Besides having your favorite places to go, an important part of living somewhere and not just staying somewhere is having a true friend, someone who will tell you when you have spinach stuck in your teeth. I met my friend Ellen in a yoga class. She and her husband moved from Manhattan to live in Dublin permanently this past May. She volunteers at the Oxfam shop next to the Gaiety Theater, and she told me that they needed someone to help out, so now I work at the till on some afternoons. So many interesting people from all walks of life come into the shop. Yesterday a bedraggled looking woman came up to the till with a pair of pants marked 5 euro and asked me, “Could you lower the price of these pants for me?” And the woman just next to her who had just bought leopard print shoes, said, “I can give you the rest of what you need. We’ll split it.” And she handed the woman two euro.
“Oh, thank you. I’ll light a candle for you. Which statue would you like?”
“Oh, the blessed Mother would be nice. And pray for my son too. Think of me when you wear them,” she answered. And they talked a bit longer before they went their separate ways. Oxfam also has gift items and Christmas cards for sale along with gifts that can’t be wrapped like three little pigs, safe water for a family, and honeybees.

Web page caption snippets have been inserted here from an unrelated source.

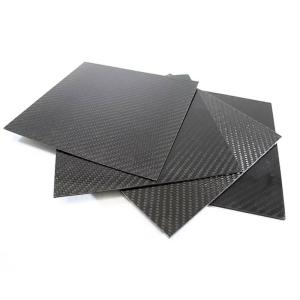 China Twill Glossy 1mm Carbon Fiber Sheet Lightweight Material 100x100 Cm factory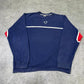 Nike Soccer Sweatshirt – Vintage Oversized Crewneck Blau – Herren XL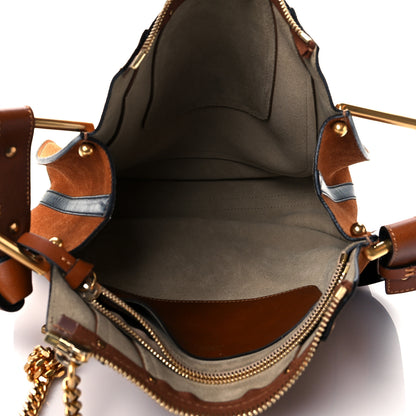 Chloe Suede Small Hayley Hobo Caramel 5 of 10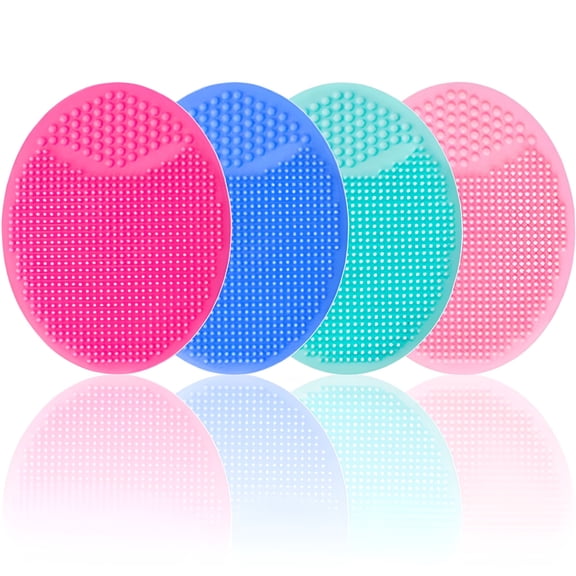BPPEG 2026 New 4 Pack Baby Cradle Cap Brush,Baby Bath Brush,Silicone Baby Cradle Cap Brush-Exfoliate and Massage-Shampoo Scalp Scrubber for Hair Care and Body Care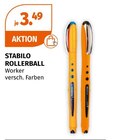 ROLLERBALL Worker von STABILO im aktuellen Müller Prospekt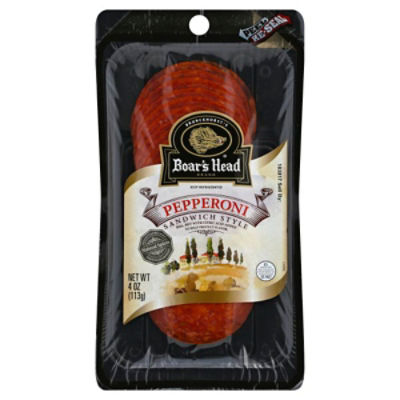 Boar's Head Sandwich Style Pepperoni, 4 oz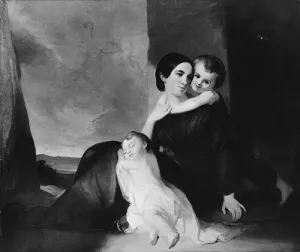Mrs. John Hill Wheeler and Her Two Sons by Thomas Sully Oil Painting
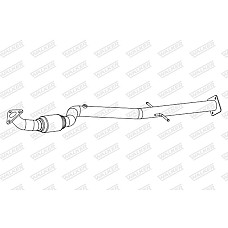 Racord evacuare Teava de esapament Fata x1300mm OPEL ASTRA J ASTRA J GTC CASCADA ZAFIRA C 1.4 12.09- WALKER WALK10911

And even though I don’t miss being in a school, the teacher in me misses teaching. I met a young man from Slovakia who just got his first real job here in Dublin and he wants to improve his English, so I said I would tutor him at the Starbuck’s on Leeson Street. We met for our first lesson a few days ago, and he told me that his colleagues have been teasing him because whenever they ask, “How are you?” he always answers, “Fine.” So we tossed around a few possibilities and his new response is going to be, “I’m getting better and better.” I’m going to try it out too. Who’s with me?